The problem is they are advertising as creating a product of future leaders, but the truth is they are creating "Has Been" leaders in that more and more businesses have created a culture of Inclusion, which the future graduates of Morehouse College will NOT be in a position to accept. The graduates will be behind the learning curve of graduates from other colleges and universities.

And when you consider the likes of MLK Jr., If I remember correctly, his wife has said the MLK Jr. would be a big supported of LGBT Rights if he were alive today. Which indicates that Morehouse is no longer capable of turning out the likes of MLK Jr.

Morehouse should have said, "If you are going to dress like a woman, then you must dress like a business woman."


I agree that the government should not get involved in policing how an institution designs it's image. However, once it gets to the point of discrimination, isn't that what non-discrimination laws are for? Should country clubs be allowed to only accept white men so long as they remain financially stable?

I understand that certain uses of discrimination are deemed okay (such as sex segregated schools or bona fide occupational qualifications), but the laws are more then just about accepting federal grants. My corner store would not be allowed to put up a "whites only" sign, even though they don't take any federal grants either. Considering that gender identity non-discrimination is one of the goals we're fighting for, what's the difference?

You bring up a good point here: at what point is discrimination justified, and at what point is it illegal?

I forget the precise clauses involved in discrimination law, but I do know that certain institutions are allowed to discriminate based on tradition or the degree of privacy they maintain. This means that the precise nature of the law s always in flux: as a simple example, St. Elmo's Steakhouse in Indianapolis maintains a tradition of hiring only men as waiters. The place is both old enough to predate sex discrimination laws, and claims that male waiters are a prerequisite of maintaining their old-world charm.

Gender identity at a single-sex institution gets _very_ messy. (Trust me, I ran through the scenarios during my tenure at Wabash.) Any actual legal movement toward being accepted as female would, by default, make you no longer eligable for the school. As a trans person, I'm simultaneously saddened by this idea, and understanding that they can't make that kind of exception if they wish to mainain their all-male creed.

I haven't mentioned the Morehouse rule in this conversation: it, in many ways, restricts the free-speech rights of students. (What if one of the kids performed drag every month at a local club, for example>?) However Morehouse has always impinged upon the freedoms of their students, restricting many other types of clothing in an attempt to create business-professional men. The guys going to that college voluntarily sign a wavier stating that they agree to abide by these rules.

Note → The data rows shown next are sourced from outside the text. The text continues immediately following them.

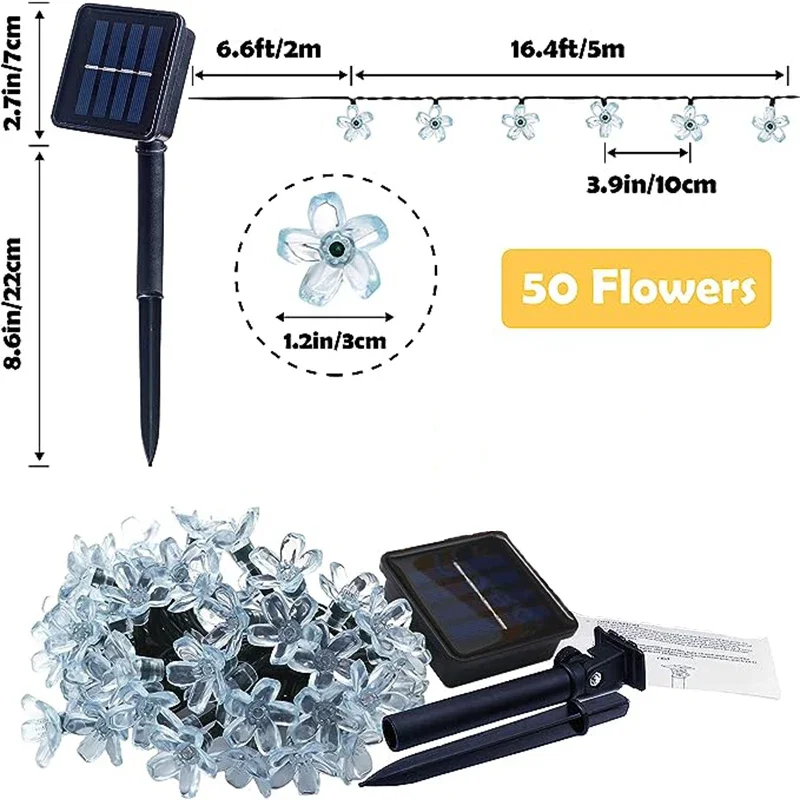 Solar Outdoor tahan air 50 lampu 8 mode LED Cherry Blossom String lampu untuk pagar taman teras halaman rumput pesta dekoratif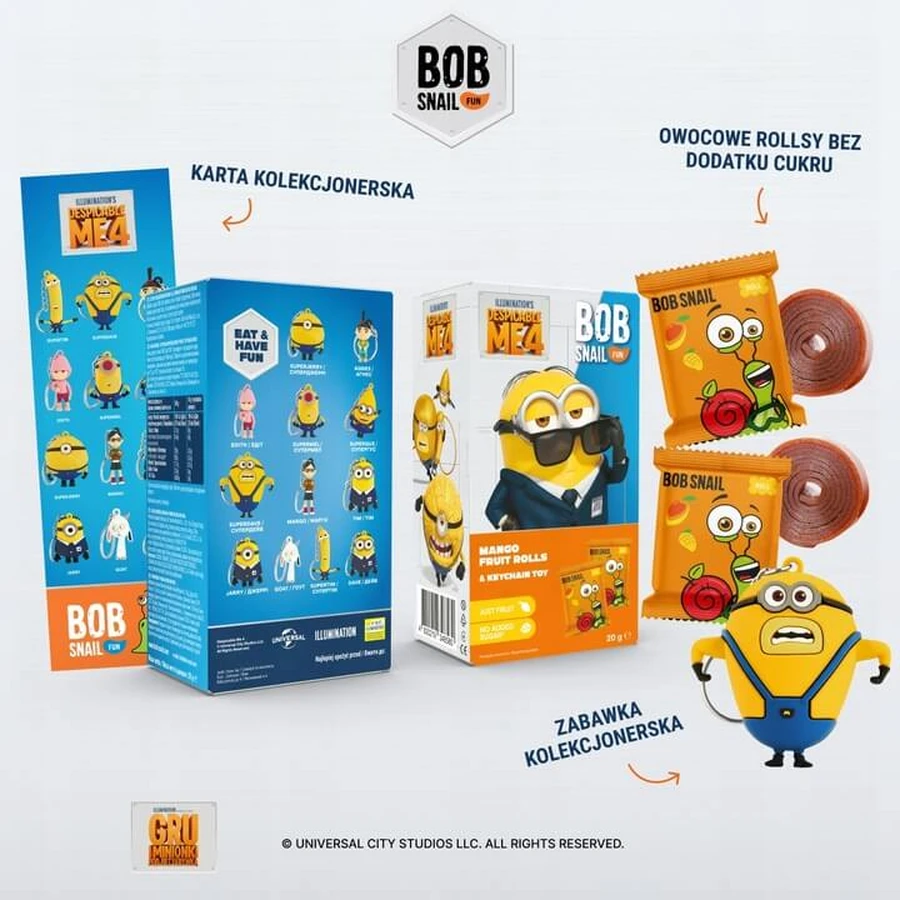 Bob Snail Fun set, snack alla frutta Roll, mango, 20 g + giocattolo, Minion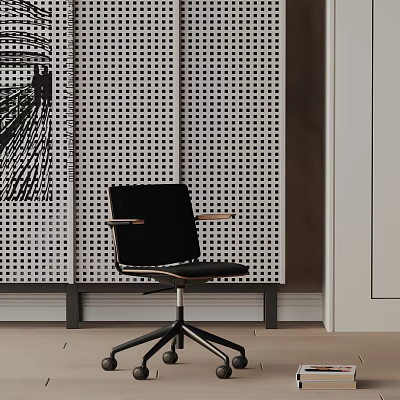 Modern Black Office Chair With Armrests Swivel Five Star Base And Perforated Wall Panel 3d model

This case does bring up a glaring exception, as students are already knee-deep in classes and cann't exactly decide to stop going to Morehouse without significant financial harm. (This means nothing if the contract also contained a clause stating that administration withheld the right to change the contract.) Even still we would have no legal recourse due to the reasons mentioned above: tradition and grandfather clauses.

I hate the Morehouse crossdressing policy, and I want to see it removed as soon as possible. Unfortunately, since we aren't donation-making alumni, I don't think we can do much more than blow whistles and hope for their good graces to prevail.

Aren't there still universities/colleges that are women-only?

Yes, there are actually quite a few female colleges. All-male colleges became integrated single-sex institutions as feminism pushed for more equality in education. (Hard to get numbers when you're seen as a sexiist college; its an image problem that all-female colleges didn't have to deal with. They are seen as "empowering.") Its too bad, too: numerous educational studies have shown that single-sex educational environments correlate with some good performance factors.

(Ironically, I'm a _huge_ fan of my Alma Mater. ;) )

Hampden Sydney College in Farmville, VA is all male.